Third Circuit Refuses To Apply Attorney-Client Privilege To Documents In Law Firm’s Possession
By: John A. Schwab
In an appeal arising out of the Eastern District of Pennsylvania, the Third Circuit affirmed the district court’s enforcement of grand jury subpoenas served upon outside counsel, rejecting claims that the subpoenas sought privileged material. In Re: Grand Jury, Nos. 12-1697, 12-2878 (3d Cir. Dec. 11, 2012). The subpoenas focused on a corporation and two individuals, described only as John Doe 1 and John Doe 2, all of whom were targets of the grand jury investigation.
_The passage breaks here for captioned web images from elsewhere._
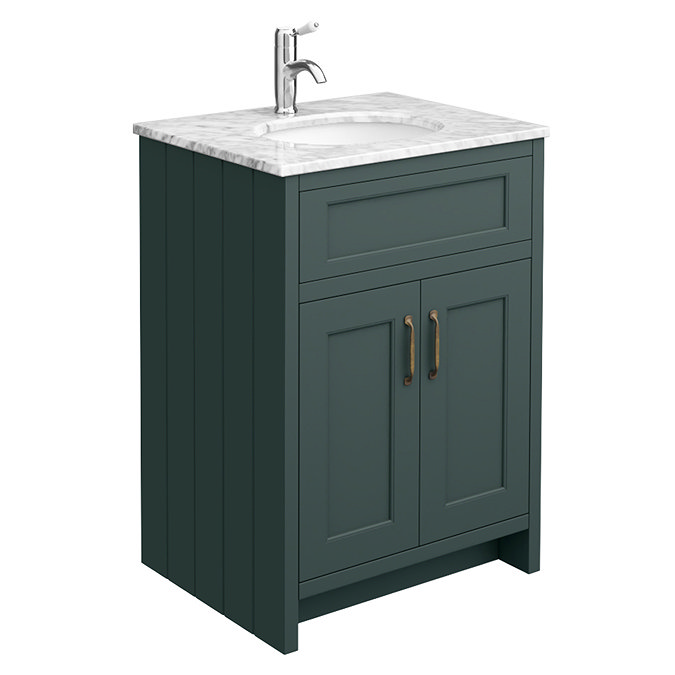 Chatsworth Green 610mm Vanity with White Marble Basin Top Large Image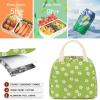 imageBluboon Lunch Box for Women Cute Lunch Bag Reusable Insulated Lunch Bags Large Capacity Lunchbox Cooler for Work Picnic or TravelBeige Flower Green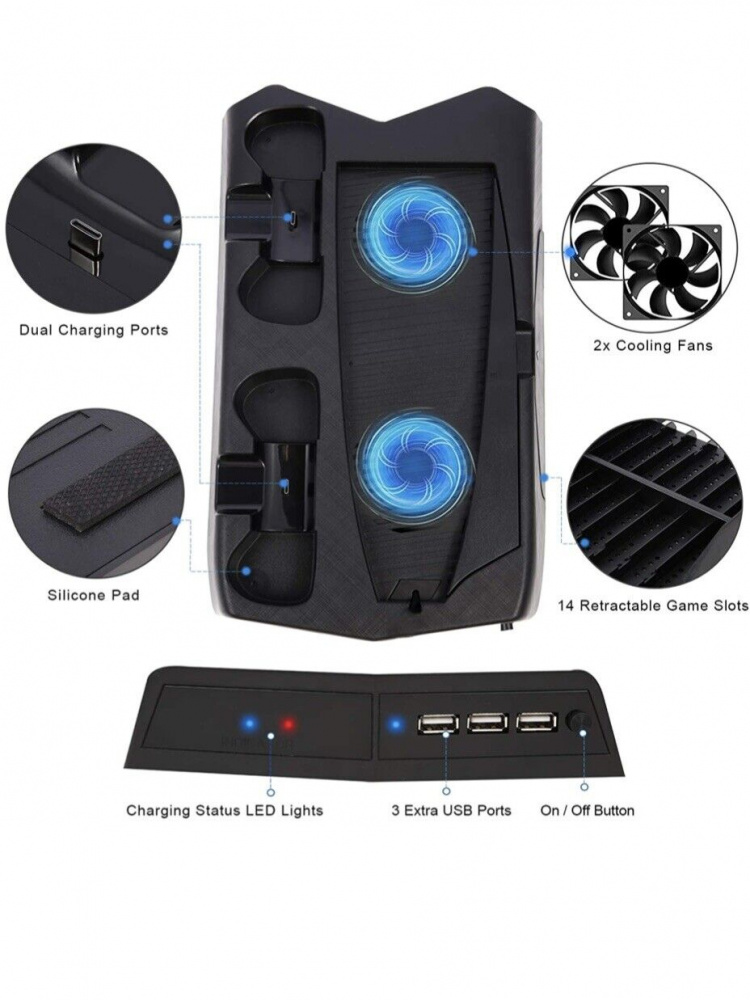 Oplaadstandaard met koelventilatoren en opslagruimte voor games voor PS5 Oplaadstandaard met koelventilatoren en opslagruimte voor games voor PS5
The subpoenas at issue were directed to two separate law firms and three attorneys, who were formerly employed by the corporation as in-house counsel.
The decision to require production of otherwise privileged communications and work product was based the “crime-fraud” exception to the attorney-client and work product privilege. This exception, established by the U.S. Supreme Court opinion in United States v. Zolin, 491 U.S. 594, 562-563 (1989), limits the attorney-client privilege “where the desired advice refers not to prior wrong doing, but to future wrong doing.” The Third Circuit has extended the crime-fraud exception to the work product doctrine in In Re: Grand Jury Subpoenas, 604 F.2d 798, 802 (3d Cir. 1979). To overcome the attorney-client privilege and employ the crime-fraud exception, the government must make a prima facie showing that (1) the client was committing or intending to commit a fraud or crime, and (2) the attorney-client communications were in furtherance of that alleged crime or fraud. See In re: Grand Jury Subpoena, 223 F.3d 213, 217 (3d Cir. 2000).
The record of the proceedings below indicated that the district court reviewed the evidence submitted by the government ex parte and found a reasonable basis to suspect that ABC Corp. willfully evaded paying federal income taxes and engaged in an alleged conspiracy to defraud the government of federal income taxes. According to the government, the corporation allegedly acquired stock of closely held companies with large cash accounts, little tangible assets, and significant tax liabilities. It would then strip away significant amounts of the target company’s cash assets, transfer the stock of the target companies to two limited liability companies, and engage in transactions that fraudulently eliminated the target company’s tax liability. The government further alleged that, with the tax liability eliminated, John Doe 1 and John Doe 2 would then divert the target company’s cash assets to themselves and family members.
While ABC Corp. had evidence demonstrating otherwise, as well as favorable precedent from the U.S. Tax Court, the Third Circuit stated that it was bound to employ the facts of the alleged criminal scheme under investigation by the grand jury. In reviewing the record, the Third Circuit held that the district court correctly found that the government had satisfied its burden to overcome the attorney-client and work product privileges.
A complete copy of the opinion can be found here.
 The Third Circuit referred to the corporation as ABC Corp., a pseudonym, to protect the secrecy of the grand jury process as well as to preserve the corporation’s anonymity.